What the task requires:
Only an exact copy belongs in the answer: the line with "9016 MT BAKER Ave, Vancouver, WA 98664" and every line after it through the end of the records, pictures left out.

___ Supplied entries

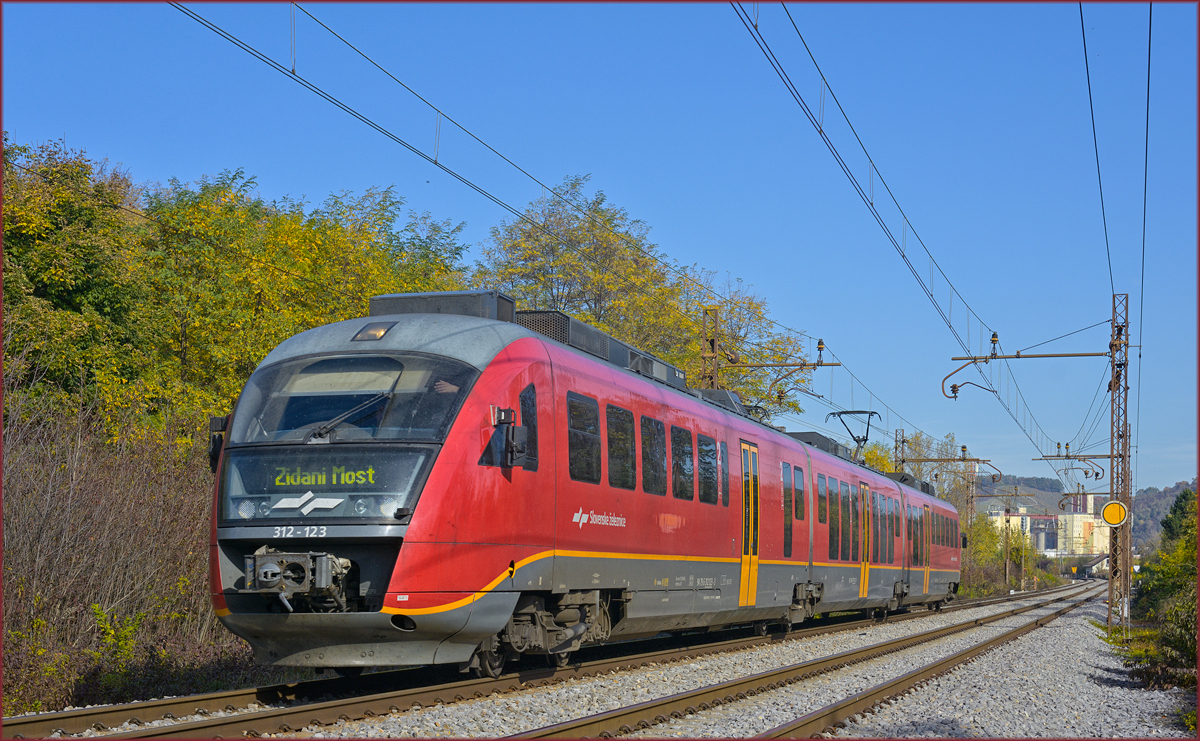 SŽ 312-123 fährt durch Maribor-Tabor Richtung Zidani Most. /23.10.2019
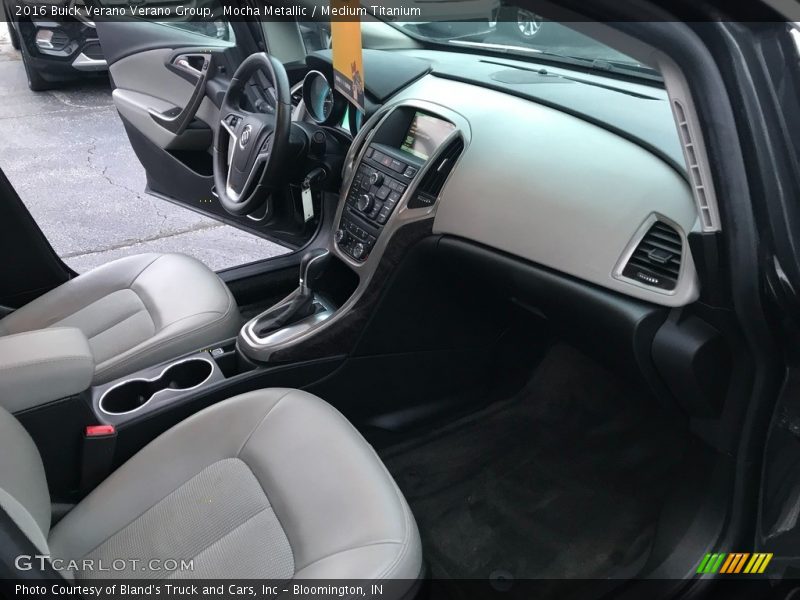 Mocha Metallic / Medium Titanium 2016 Buick Verano Verano Group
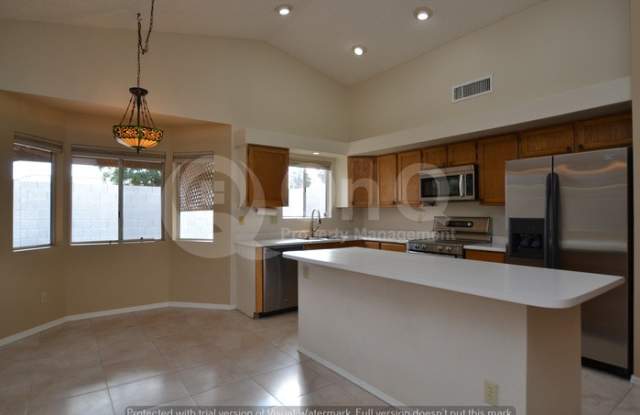 19401 North 36th Place Gallery 4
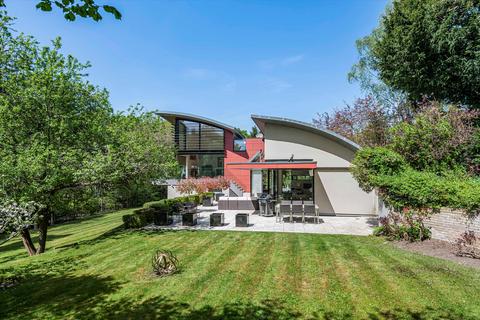 5 bed property, in Newnham Hill, £2,495,000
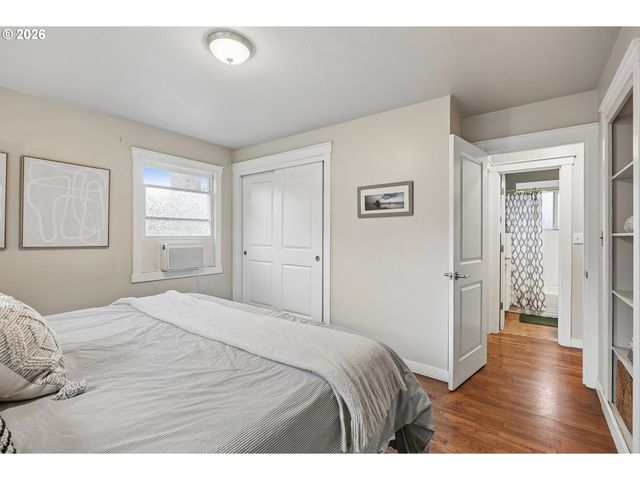 9016 MT BAKER Ave, Vancouver, WA 98664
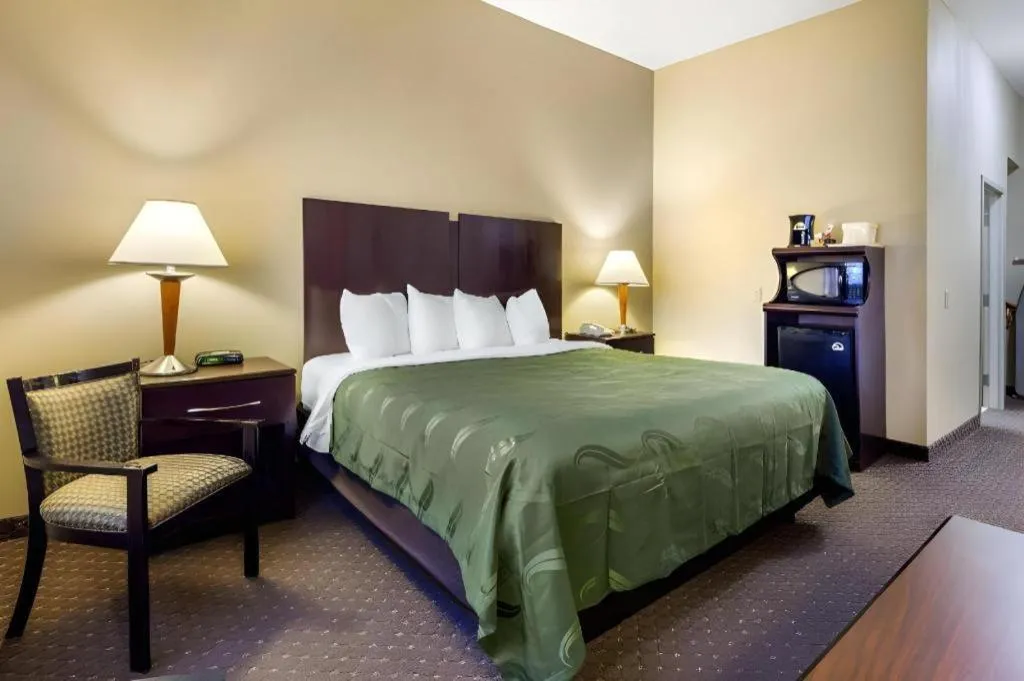 Bed in Quality Inn Smyrna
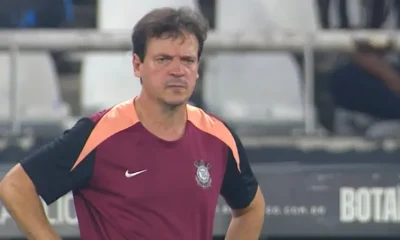 Fernando Diniz confessa surpresa com escalação do Botafogo e lamenta falhas defensivas em derrota do Corinthians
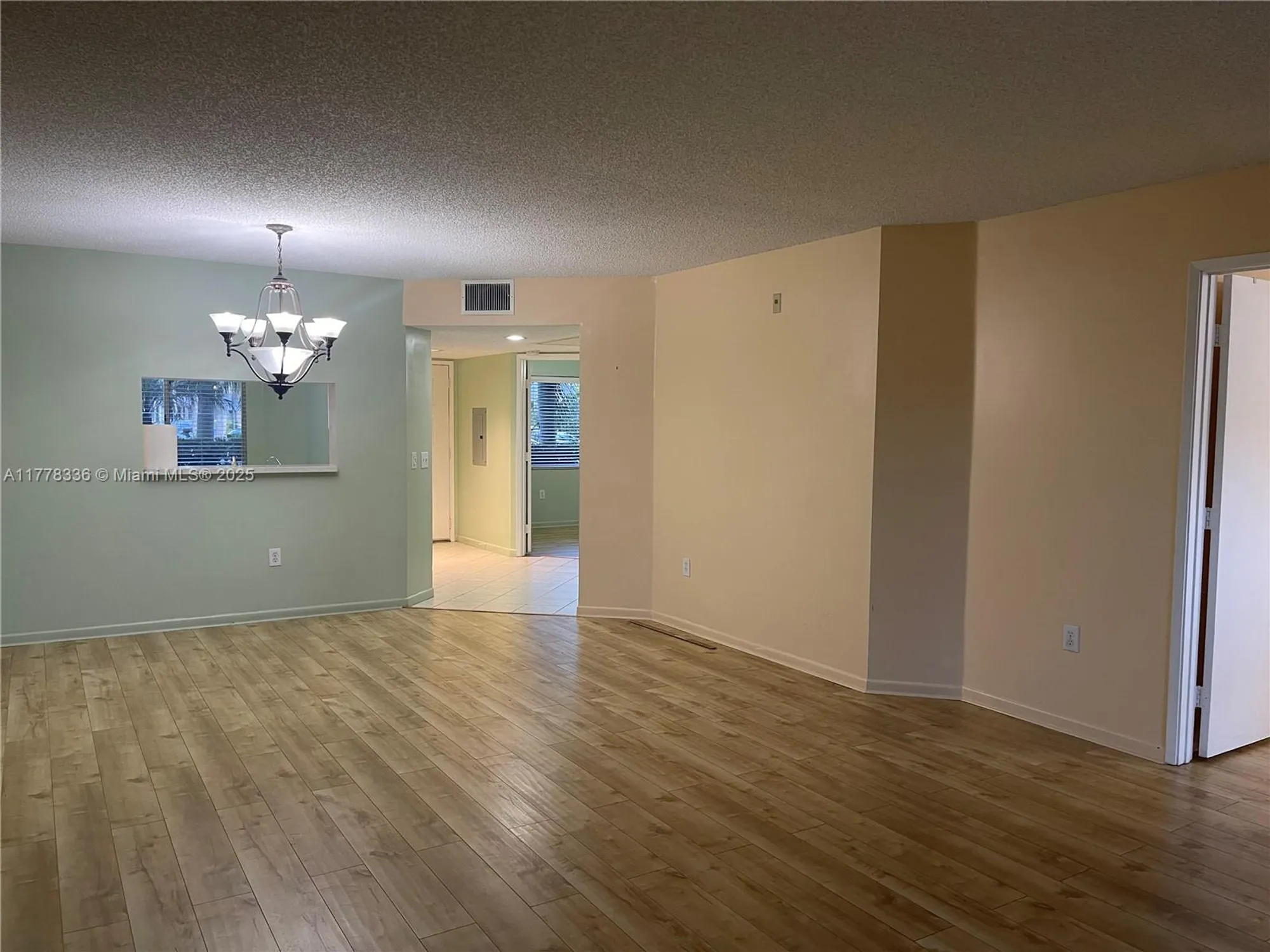 Property Slideshow image 4 of 34 | 950 sw 138th ave apt 102b, Pembroke Pines, FL, 33027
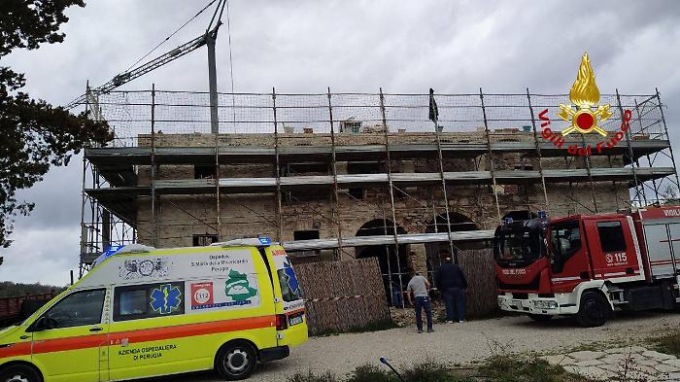 Travolto da un blocco di cemento, grave operaio sessantenne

______

Task solution:
 9016 MT BAKER Ave, Vancouver, WA 98664
 Bed in Quality Inn Smyrna
 Fernando Diniz confessa surpresa com escalação do Botafogo e lamenta falhas defensivas em derrota do Corinthians
 Property Slideshow image 4 of 34 | 950 sw 138th ave apt 102b, Pembroke Pines, FL, 33027
 Travolto da un blocco di cemento, grave operaio sessantenne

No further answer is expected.